Taxation – Hands up who can spot tax avoidance

Taxation - Hands up who can spot tax avoidance

Why not specify the crime before electing the judge, asks Robert Maas.

In my last column, I pointed out that the economic secretary to theas. Treasury had told parliament the Inland Revenue intends to tape-record telephone calls (2 July, page 6).

I was at the English ICA tax faculty’s annual Wyman debate the other day where someone from the Revenue rushed to reassure me that it is only in the Revenue’s dedicated call centres that calls will be taped. The caller will also be told in advance that it is happening – so if you do not like it you can hang up before you give your name (and hope that the Revenue will not dial 1471). I am happy to pass on this reassurance.

The Wyman debate was on the desirability or otherwise of a general anti-avoidance rule. The draft personal portfolio bond (PPB) regulations emphasise the potential dangers of a GAAR, namely the massive discretion it allows the tax authorities.

What a difference today makes

A GAAR clearly ought to affect attempts at avoidance. The problem is to recognise what avoidance is. A PPB is an unacceptable tax-avoidance device in the eyes of parliament, which has introduced a nasty anti-avoidance rule in the current finance bill.

So what is a PPB? It is a single premium insurance policy linked to a portfolio of investments selected by, or on behalf of, the policyholder, other than one in which the selection can only be made from units in certain collective investments, property in an internally linked fund of the insurer, or certain general published indices. Even if investment is wholly in a selection of such items, all of a class of policyholders must be entitled to invest in the same items.

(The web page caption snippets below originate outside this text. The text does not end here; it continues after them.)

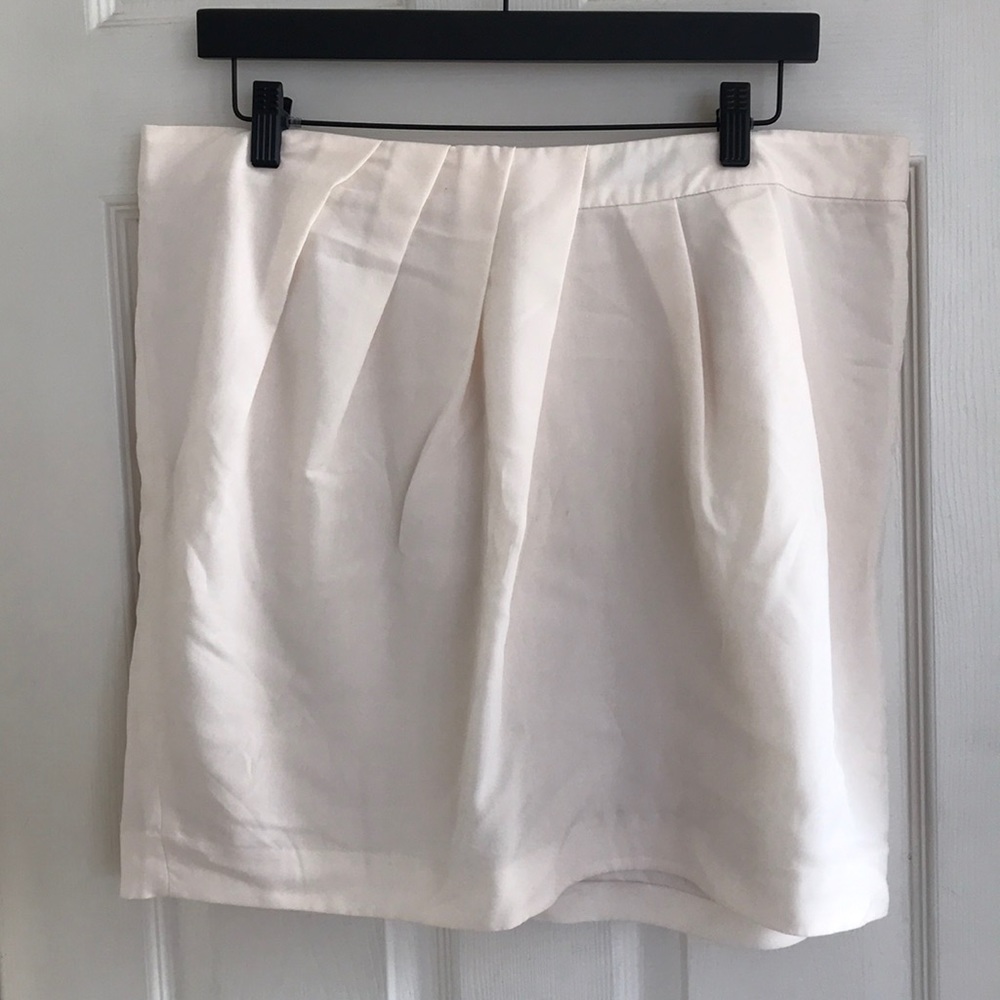 Gap - Cream Mini Skirt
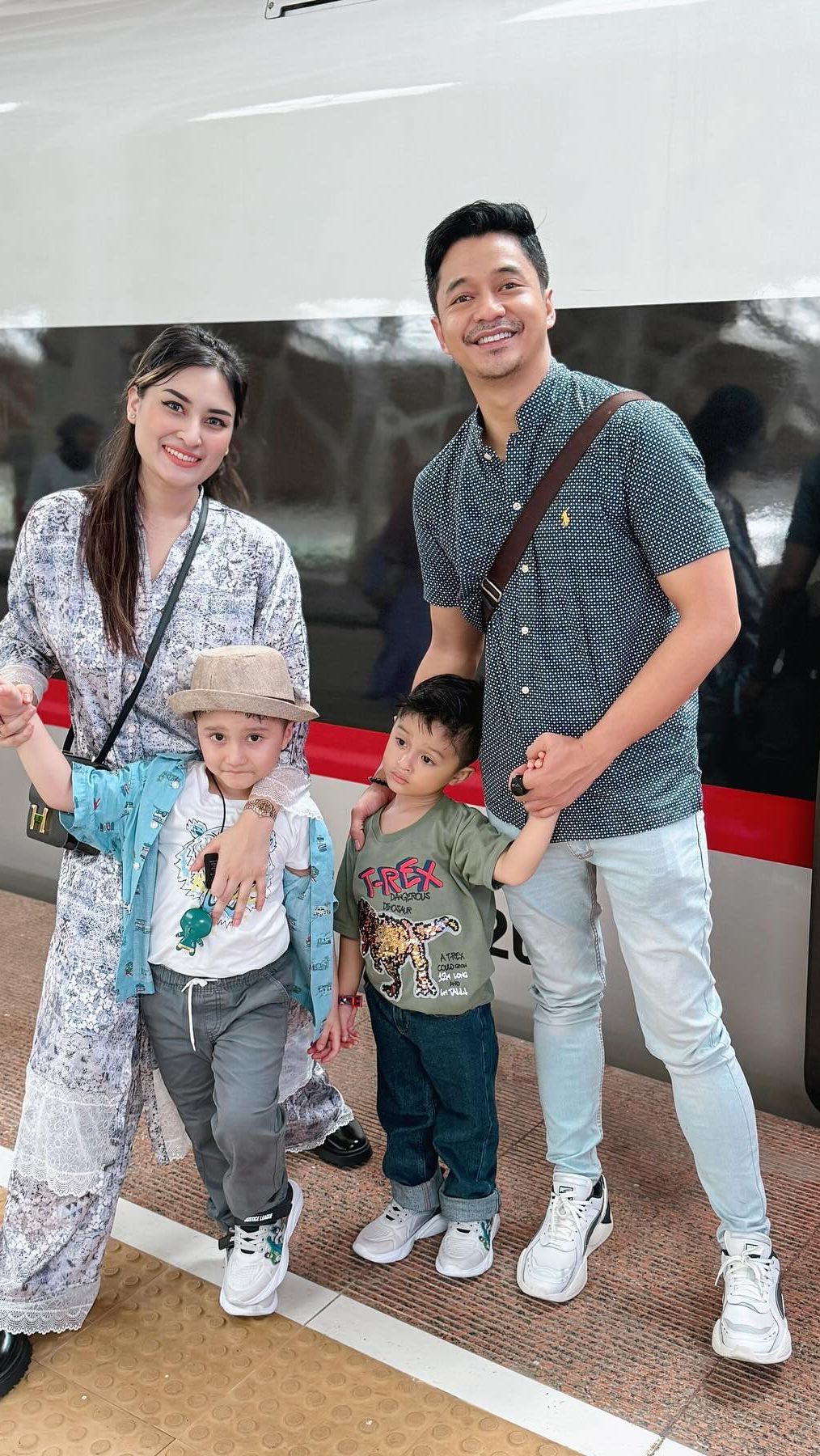 Dari pernikahan tersebut Angbeen dan Adly telah dikaruniai dua orang anak yang begitu menggemaskan.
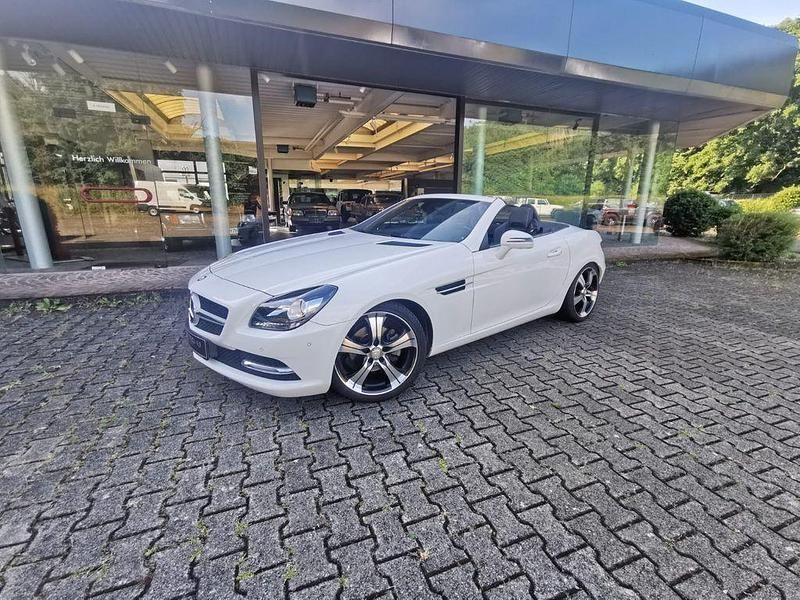 Weiß Gebraucht 2013 Mercedes SLK200 Cabrio | 20.490 € (Etwas zu teuer) - Bild 1/4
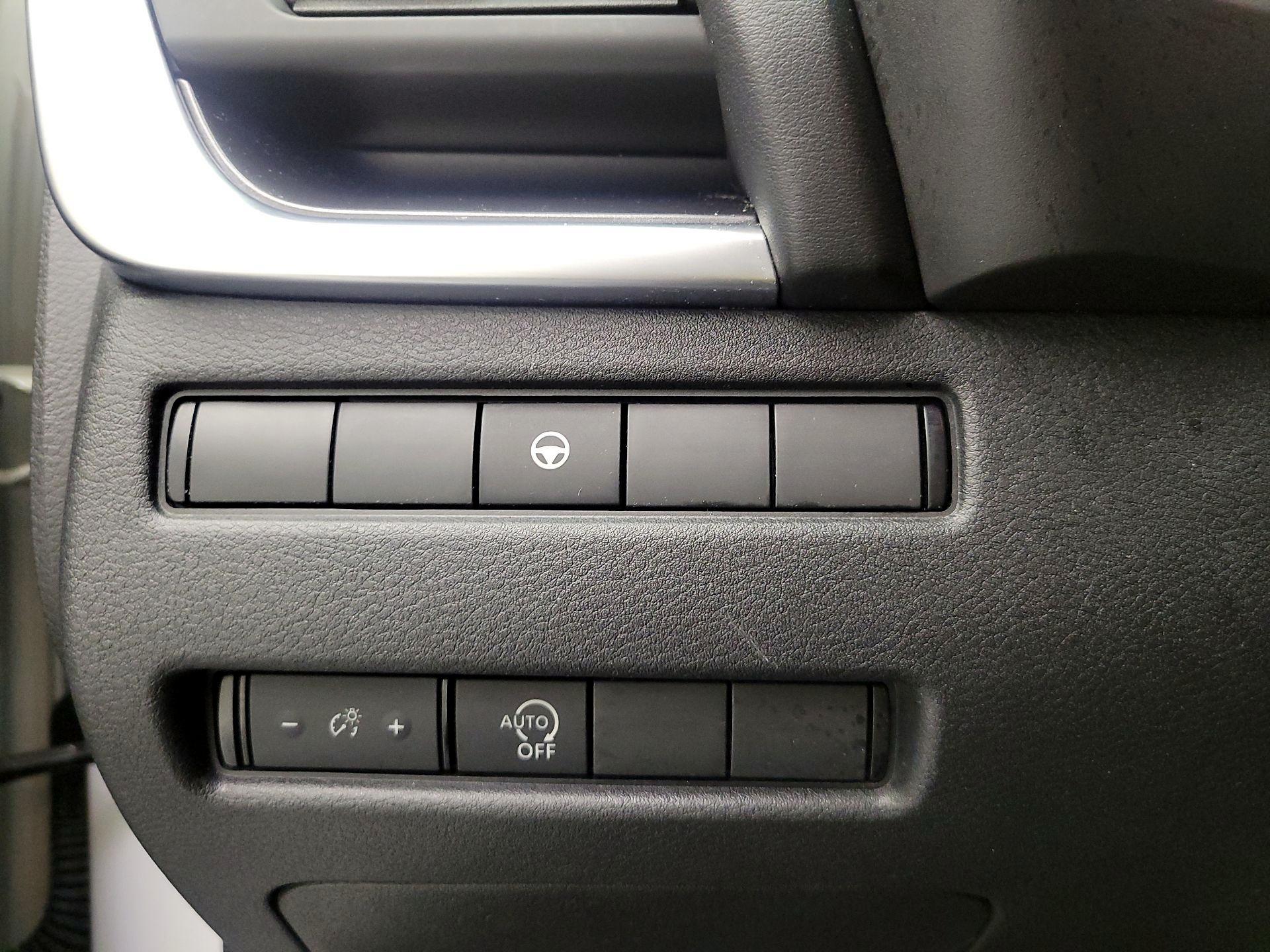 Thumbnail: 2023 Nissan Rogue - 11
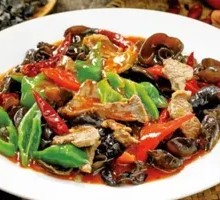 Stir-fried Pork with Wood Ear Mushrooms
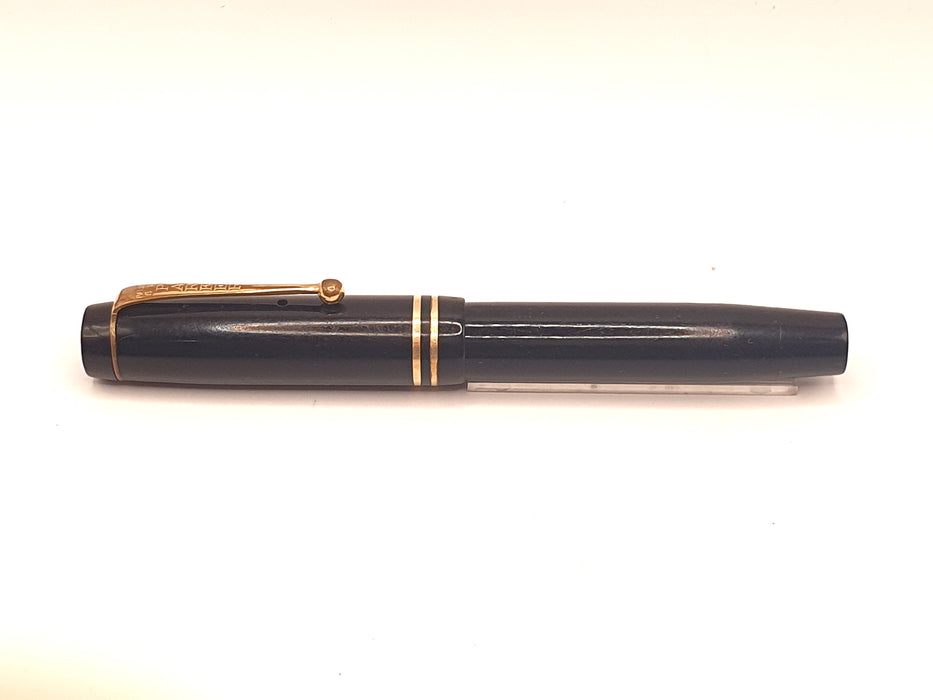 Vintage Parker Duofold Streamlined Junior Black with Gold Trim Fountain Pen (EF Nib)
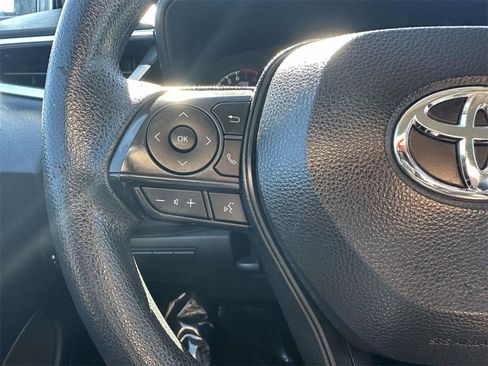 Used 2022 Toyota Corolla LE image 12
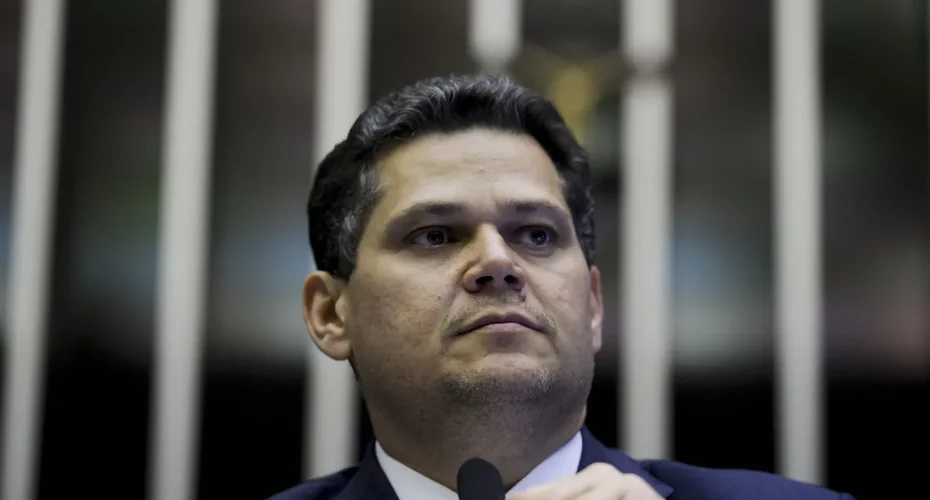 Alcolumbre barra inclusão de Bolsonaro em novo PL da Anistia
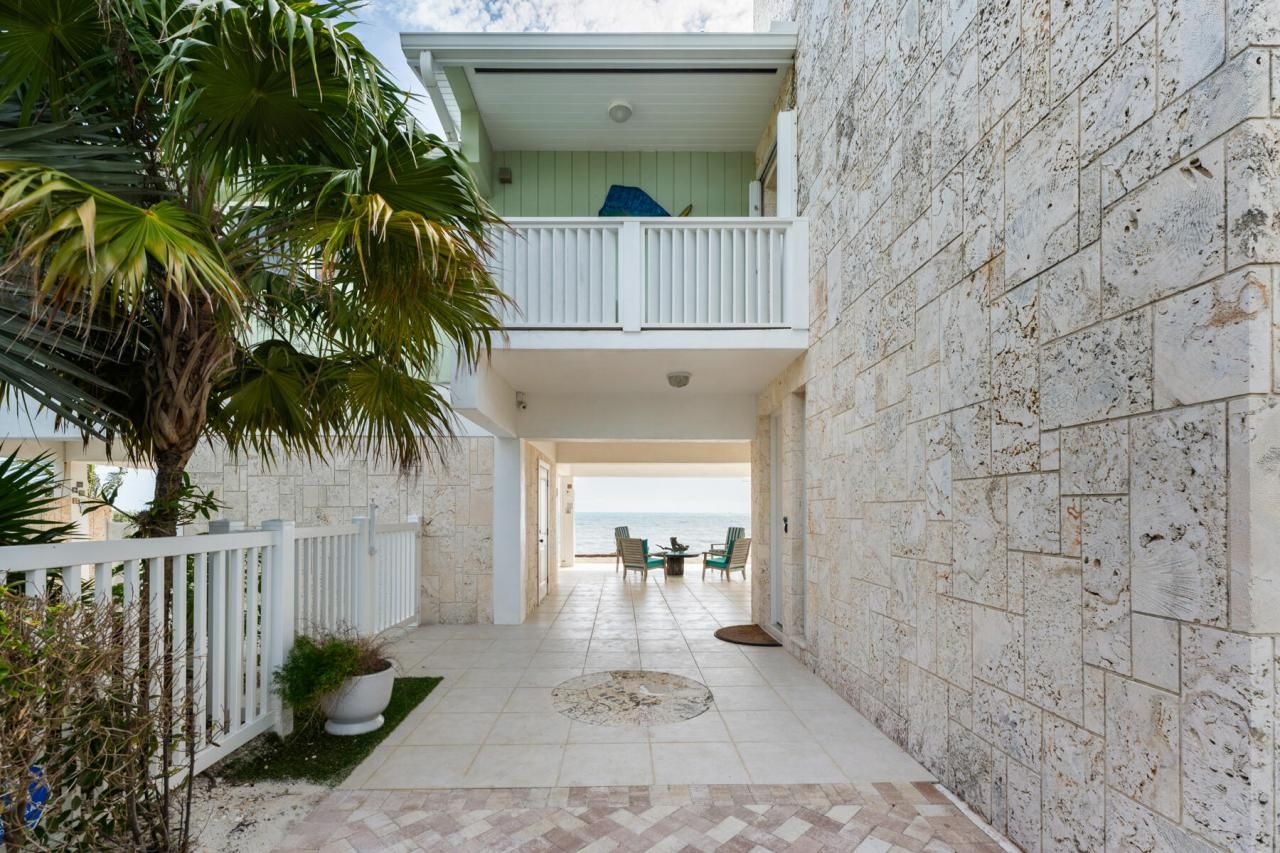 133 Sunset Drive, Islamorada, FL 33036 Photo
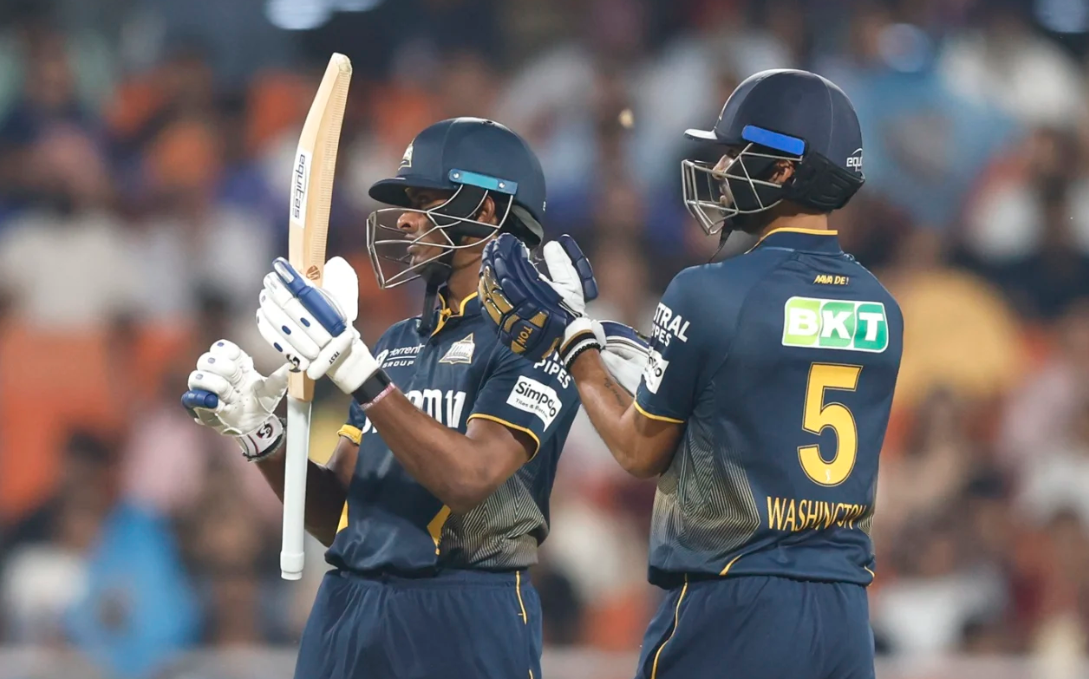 IPL 2025: নক-আউটে ফের ‘নির্মম’ মুম্বই ইন্ডিয়ান্স, ২০ রানে হেরে যাত্রা শেষ গুজরাত টাইটান্সের !! 2 Sai Sudharsan and Washington Sundar | IPL | Image: Getty Images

So if I take out a PPB and ask the insurance company to invest the whole of the money in publicly available unit trusts, the government accepts that is not tax avoidance. It makes no difference if the insurance company is in the Bahamas and all of the unit trusts are offshore vehicles; it is not tax avoidance. That sounds reasonable to me. When I surrender the bond, there will be a tax charge and I am avoiding nothing.

If, though, I take out a PPB and ask the insurance company to invest all the money in a work of art – that is apparently tax avoidance. Why? I do not have a clue. When I surrender the bond there will be a tax charge – exactly the same tax charge as if the funds had been invested in unit trusts.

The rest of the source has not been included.